Take control by making a budget showing how much time you have until your deadline and how much time you can spare every day. Now break your essay into sections and make estimates on how much time each section will take. Every essay can be broken down in some way. For example, this article may be broken down into:
- What causes stress and how it relates to time management?
- Making the most of your time
Work out how much time each section will take and enter it into a time-budget plan. Is it physically possible for you to do your essay within the specified time limit? If your answer is yes, your next priority is motivating yourself to put in the time you have budgeted. If you do not physically have the time, then it is time to approach your professor for more time.

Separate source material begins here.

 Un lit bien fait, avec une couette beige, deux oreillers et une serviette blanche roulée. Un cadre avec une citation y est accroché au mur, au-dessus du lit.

You have to love what you are doing!
As you may have gathered, correct time management includes a positive state of mind, a little bit of discipline and a passion for what you are doing. All of these factors are present in people who actually love what they are doing (Hill, 2011).

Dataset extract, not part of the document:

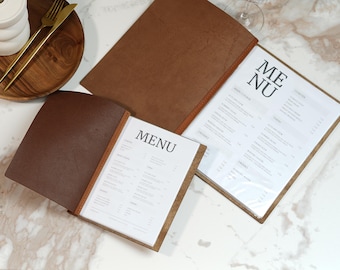May include: Brown leather menu holders with the word "MENU" printed on the white pages. The menus are open, displaying the menu items. A wooden plate with gold utensils and a white ceramic container are in the background.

If you have found your entire course a demonstration in drudgery, then consider the fact you do not love the course you are doing. More worrying, consider the fact that if you do not love studying the subject, then you may hate working in the field/industry.

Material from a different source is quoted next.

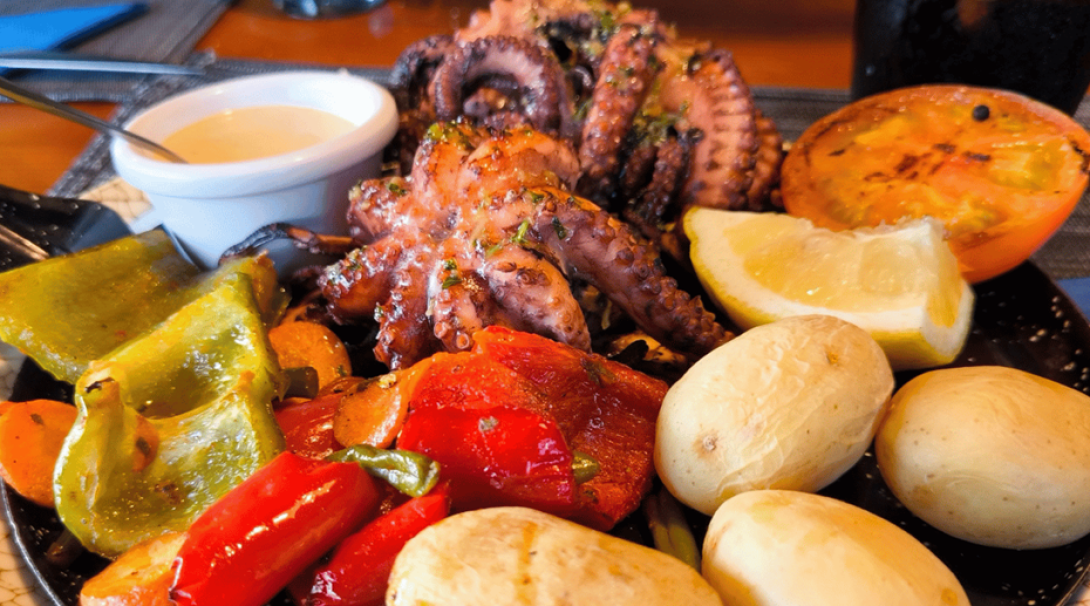 Traditional Canarian dish - grilled octopus with wrinkled potatoes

There may be parts of your course that you hate and parts that you love. Embrace the parts that you love and allow yourself to enjoy the process. Do not write your essays because you have to. Write them because you want to and because if you had the chance you would do it anyway. If you had the chance you would research the subject and learn about it independently.
Happiness is an important issue and a love for your subject you are studying may be key to your happiness and future success. Dennis Prager is a great thinker in the USA, even if he is a little misguided on environmental issues, and he has given lectures and written books on happiness. You do not have to be happy all the time, and seeking only happiness can be destructive (Prager, 1998). If you can take that into account and yet work towards loving the subject you are studying and writing about, then you create a suitable and healthy pursuit of happiness that is positive and constructive.
Getting over the parts you hate may be a problem, but does it have to be? Sometimes we do not know we love something until we try it. The kids who are afraid of roller coasters are often the biggest fans of coasters once they have tried them. The kid that is afraid of the water is often the most passionate swimmer once he or she has tried it and overcome any fear. Alter your state of mind to one of a person that enjoys the subject and you may surprise yourself at how pleasurable you actually find it.
Create a positive state of mind
Though this has been mentioned, it needs to be reiterated specifically. You cannot succeed if you have a negative attitude or state of mind. You do not have to bounce into lessons and run to your dorm to do your essays. You don’t even have to be positive all the time; you simply have to be positive when approaching your work. (Burns, 2015).
Remove excuses from your vocabulary. Remove these words from your vocabulary:
- Don’t have time
- Too difficult
Remove excuses from your mind and your attitude and clear the path for a positive state of mind (Stephenson, 2009).